Diane et ses compagnes se reposant après la chasse

Peinture 18 e

Une atmosphère particulière, douce et poétique, se dégage de ce tableau. Diane entourée de ses nymphes se reposent après la chasse, une biche qu’elle vient d’abattre gît à ses pieds, cependant l’animal semble dormir et sa présence ne rompt pas la sensation de quiétude qui baigne cette œuvre. Les rayons du soleil couchant créent des ombres soyeuses sur le corps des jeunes femmes et baignent le fond du paysage dans une belle lumière dorée. L’artiste fait dans cette oeuvre référence de manière scrupuleuse au texte d’Ovide, la composition, les gestes des nymphes, la façon dont Diane est vêtue au milieu de ses compagnes presque nues, et même la lumière enfin, résonnent de ce poème : « L’on voyait couler à main droite entre deux rivages tout verts, une eau plus claire que le cristal ; et c’était là que la Déesse des bois avait coutume de se baigner quand elle était lasse de chasser…ses cheveux lui pendaient sur le col… elle donnait à une nymphe son carquois… les nymphes étaient nues …[elles] avaient déjà puisé de l’eau… ». La qualité de l’œuvre est déjà évoquée dans le petit catalogue présentant les tableaux de la galerie du château de Châteauneuf-sur-Loire publié en 1786 qui indique : « ce tableau est recommandable par la beauté du dessin et l’harmonie de la couleur ».

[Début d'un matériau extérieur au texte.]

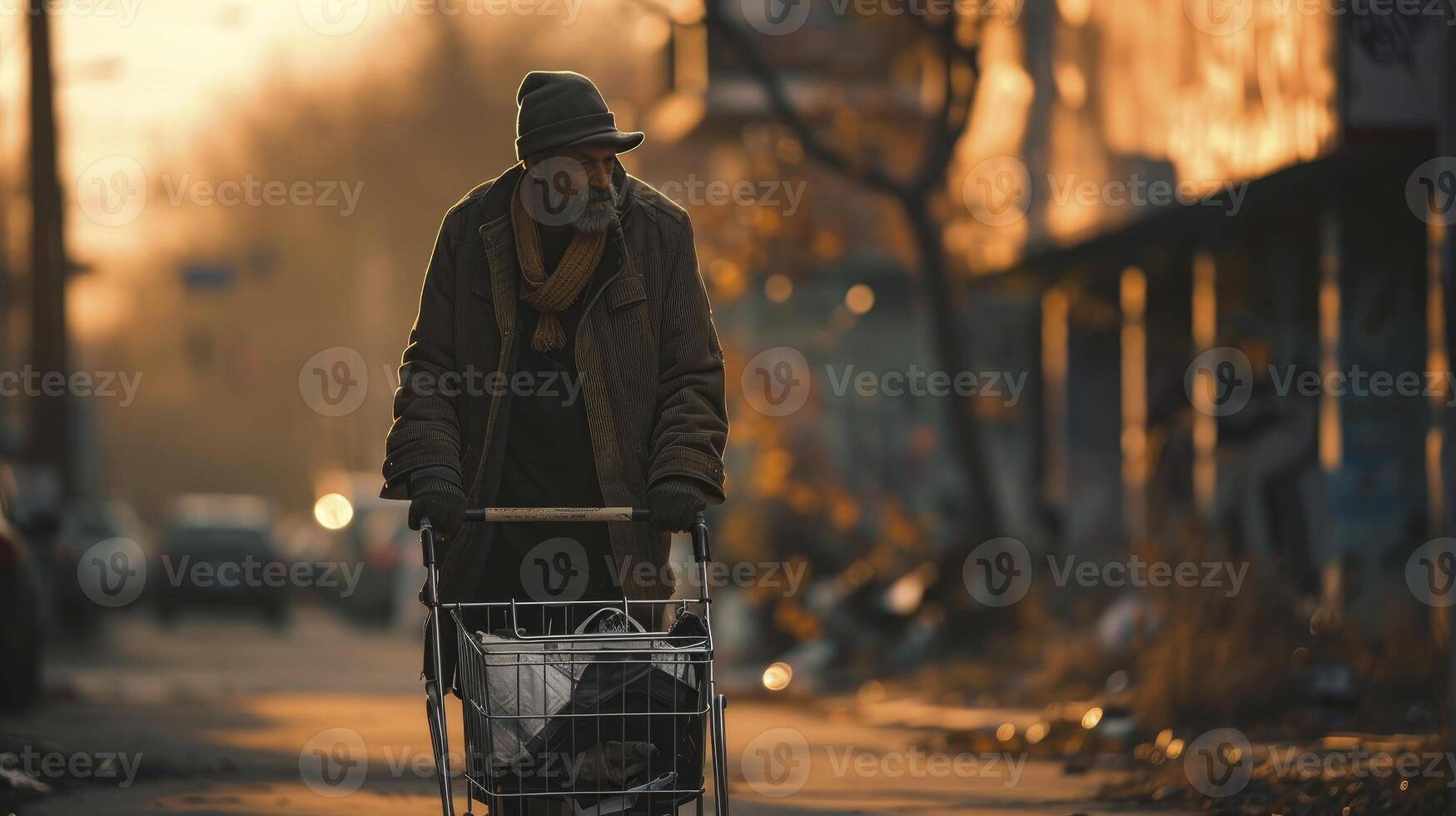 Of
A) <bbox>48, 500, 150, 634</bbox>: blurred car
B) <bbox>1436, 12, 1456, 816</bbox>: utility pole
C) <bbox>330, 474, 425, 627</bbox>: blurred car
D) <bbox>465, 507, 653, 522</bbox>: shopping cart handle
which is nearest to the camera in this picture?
<bbox>465, 507, 653, 522</bbox>: shopping cart handle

Louis de Boulogne a traité plusieurs fois ce sujet. Au Salon de 1704 il présente un nombre impressionnant de dix-huit tableaux, dont une Diane se reposant après avoir chassé. Alu moins cinq autres versions sont attestées dans des collections au XVIIIe siècle dont une parmi les biens de Jean de Boulogne fils de l’artiste mais aucune de ces versions ne nous est parvenue, il est impossible d’affirmer qu’elles ont un quelconque lien avec le décor de Rambouillet.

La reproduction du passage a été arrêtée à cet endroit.